林之辛:也谈“伤痕”
网上读到一篇文章,题为《撕裂1999:上海工业往事》,作者署名“路明”。文章写于2020年。
读着这篇文章,上海这几十年的变迁在眼前展现出连续的画面:曾经在国家财政中举足轻重的上海,曾经让全国人都以拥有为荣的“上海制造”,曾经令人仰慕的“全民国营厂工人”,曾经靠现实的“工厂如家”而无忧无虑的日子,……,一切都像翻书一样翻页过去,虽然记忆犹新却宛如隔世。

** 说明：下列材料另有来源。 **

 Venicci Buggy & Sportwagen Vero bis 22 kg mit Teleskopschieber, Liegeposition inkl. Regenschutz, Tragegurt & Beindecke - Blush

看到昔日被誉为“共和国长子”而倍感自豪的国企工人,转眼之间就落入社会最底层而无人正眼相看,真的就像被遗弃的孩子在路边为了生存而无助地苦苦挣扎。在以往的几十年,他们拿着虽然体面但并不算高的工资,他们所创造的财富绝大部分上缴了国家,这才有“87块钱上缴,13块留给自己”的说法(据《上海财政税务志》,1949到1990年,上海地方财政收入3911.79亿元,其中上缴中央3283.66亿元,占83.94%。)他们把一生的辛劳,包括最好的青春年华都贡献给了新中国的建设,到头来还要他们为社会转型的代价承担巨大的压力。这难道公平吗?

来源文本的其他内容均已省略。